Home » international news » Cyber War: a guide to state-sponsored digital assaults

Cyber War: a guide to state-sponsored digital assaults

Aleesha Matharu | Updated on: 13 February 2017, 4:16 IST

Not a month goes by without reports of a new cyber attack.

But while it's no secret either that countries across the world are beefing up both their offensive and defensive cyber security capabilities - what often doesn't get documented is how many of the major security breaches around the world are, in fact, the work of governments.

Well, not directly.

State-sponsored hacker groups have the ability to worm into media networks, major corporations, defence departments and - yes - other governments and wreak havoc.

There's even a sense of glamour now attached to the word hacker - popularised by groups like Anonymous, TV shows like Mr Robot and books such as Stieg Larsson's Millennium trilogy.

This overview is based on known attacks: there will, obviously, be others that governments have kept secret.

Sadly, attribution is also tricky in several cases as most attacks that occur in the cyber sphere are anonymous. The international media and security agencies can only be left guessing in such cases.

Here's the breakdown on the world's hacking superpowers.

North Korea

North Korean leader Kim Jong-un retains tight control over the country's internet infrastructure; therefore all attacks originating from the country are almost certainly state-sponsored.

Countless resources have been poured into developing a sophisticated cyber warfare unit called Bureau 121.

Founded in the 1980s, Bureau 121 has grown exponentially to become one of the world's largest cyber organisations.

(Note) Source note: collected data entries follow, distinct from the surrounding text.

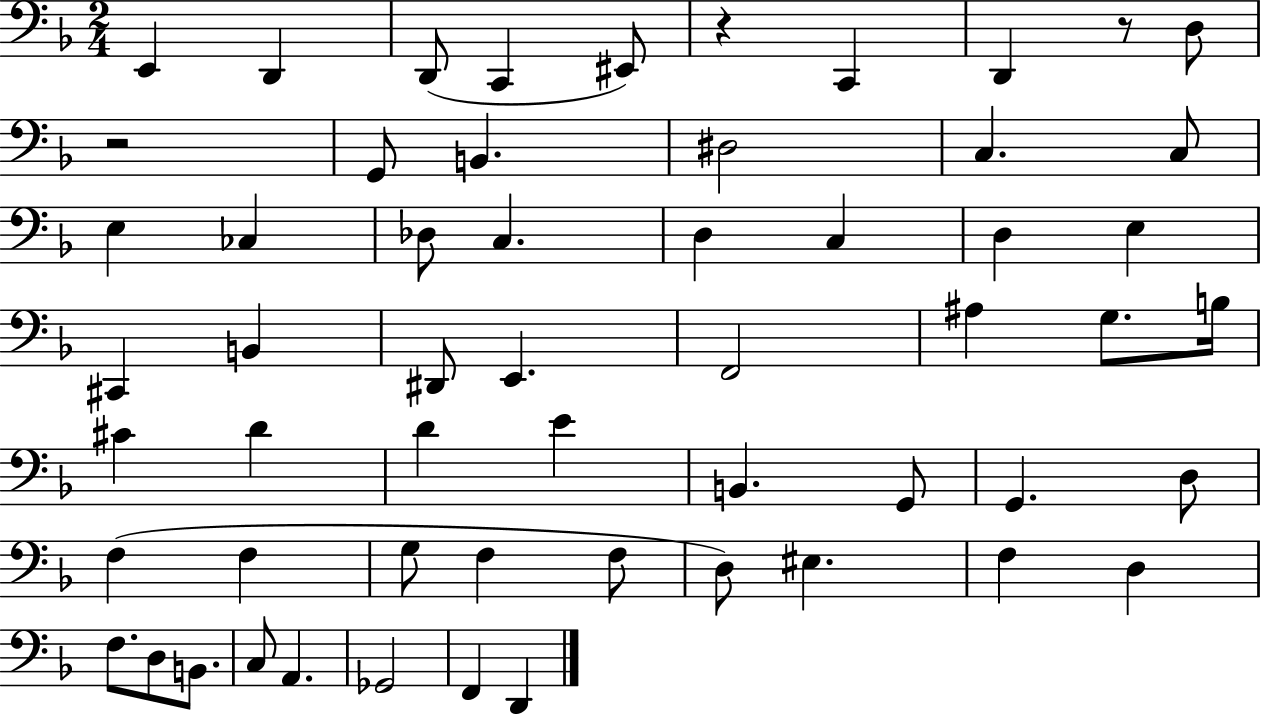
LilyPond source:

{
  \clef bass
  \numericTimeSignature
  \time 2/4
  \key f \major
  e,4 d,4 | d,8( c,4 eis,8) | r4 c,4 | d,4 r8 d8 | \break r2 | g,8 b,4. | dis2 | c4. c8 | \break e4 ces4 | des8 c4. | d4 c4 | d4 e4 | \break cis,4 b,4 | dis,8 e,4. | f,2 | ais4 g8. b16 | \break cis'4 d'4 | d'4 e'4 | b,4. g,8 | g,4. d8 | \break f4( f4 | g8 f4 f8 | d8) eis4. | f4 d4 | \break f8. d8 b,8. | c8 a,4. | ges,2 | f,4 d,4 | \break \bar "|."
}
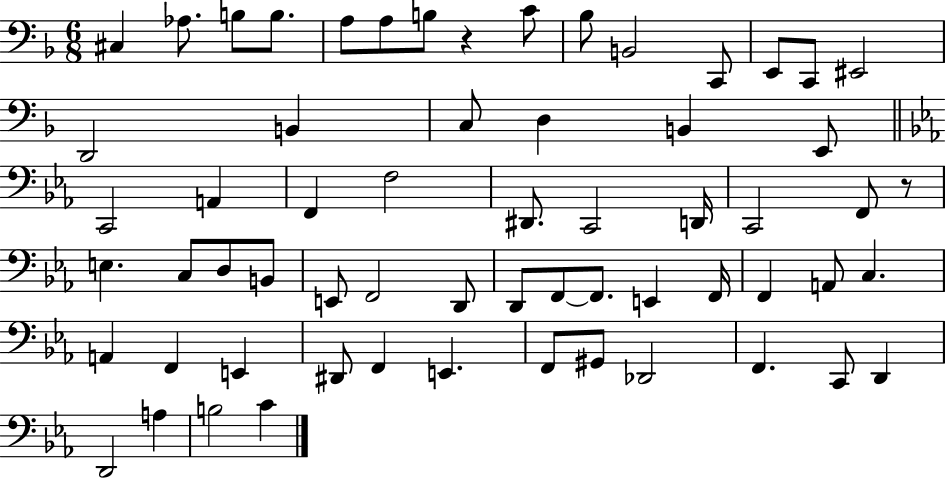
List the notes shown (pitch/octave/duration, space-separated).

C#3/q Ab3/e. B3/e B3/e. A3/e A3/e B3/e R/q C4/e Bb3/e B2/h C2/e E2/e C2/e EIS2/h D2/h B2/q C3/e D3/q B2/q E2/e C2/h A2/q F2/q F3/h D#2/e. C2/h D2/s C2/h F2/e R/e E3/q. C3/e D3/e B2/e E2/e F2/h D2/e D2/e F2/e F2/e. E2/q F2/s F2/q A2/e C3/q. A2/q F2/q E2/q D#2/e F2/q E2/q. F2/e G#2/e Db2/h F2/q. C2/e D2/q D2/h A3/q B3/h C4/q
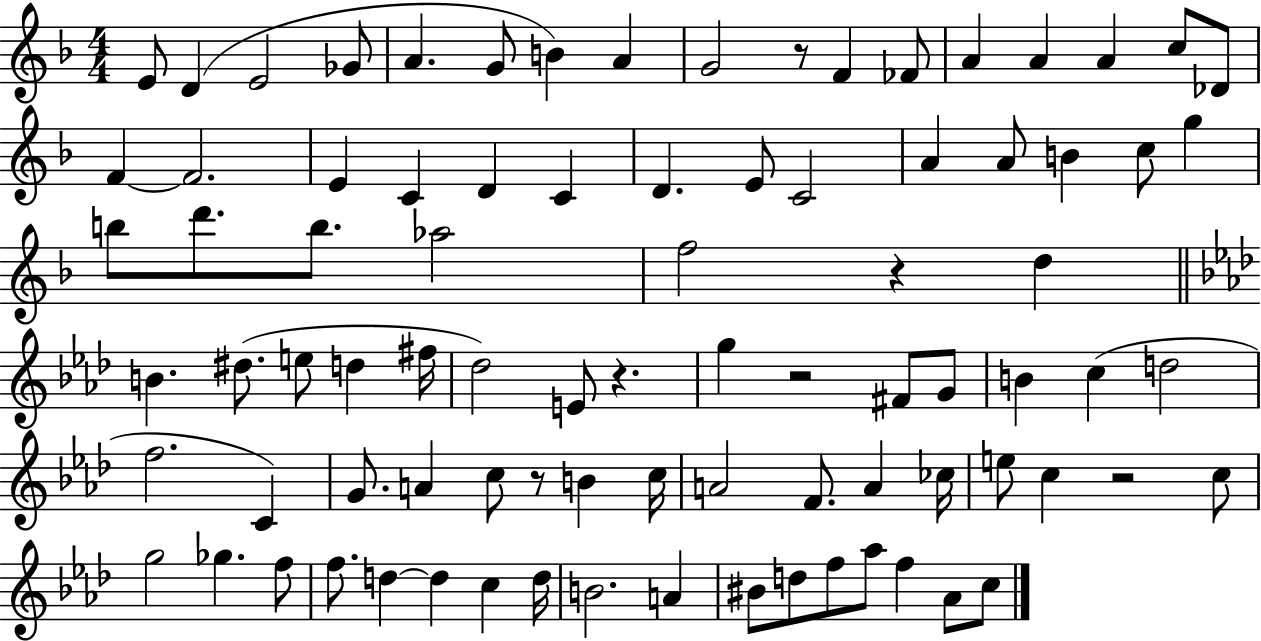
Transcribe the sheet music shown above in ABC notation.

X:1
T:Untitled
M:4/4
L:1/4
K:F
E/2 D E2 _G/2 A G/2 B A G2 z/2 F _F/2 A A A c/2 _D/2 F F2 E C D C D E/2 C2 A A/2 B c/2 g b/2 d'/2 b/2 _a2 f2 z d B ^d/2 e/2 d ^f/4 _d2 E/2 z g z2 ^F/2 G/2 B c d2 f2 C G/2 A c/2 z/2 B c/4 A2 F/2 A _c/4 e/2 c z2 c/2 g2 _g f/2 f/2 d d c d/4 B2 A ^B/2 d/2 f/2 _a/2 f _A/2 c/2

It's based in Pyongyang, but also reportedly works out of the basement of a North Korean hotel and restaurant in Shenyang, China. The unit is estimated to have recruited nearly 6,000 programmers.

A 2014 investigative report by Hewlett Packard identified Bureau 121 as being able to deliver multi-staged, coordinated attacks that could spread malware and disable or evade antivirus protections.

The bureau specialises in sophisticated distributed denial of service (DDoS), encryption obfuscation, spear phishing, watering holes, and zero day attacks.


This May 2015 Reuters report found that five years ago, US intelligence agents were unable to penetrate North Korean networks. The 2010 attempt to deliver the Stuxnet virus was part of a simultaneous attack on the Iranian and North Korean nuclear programmes.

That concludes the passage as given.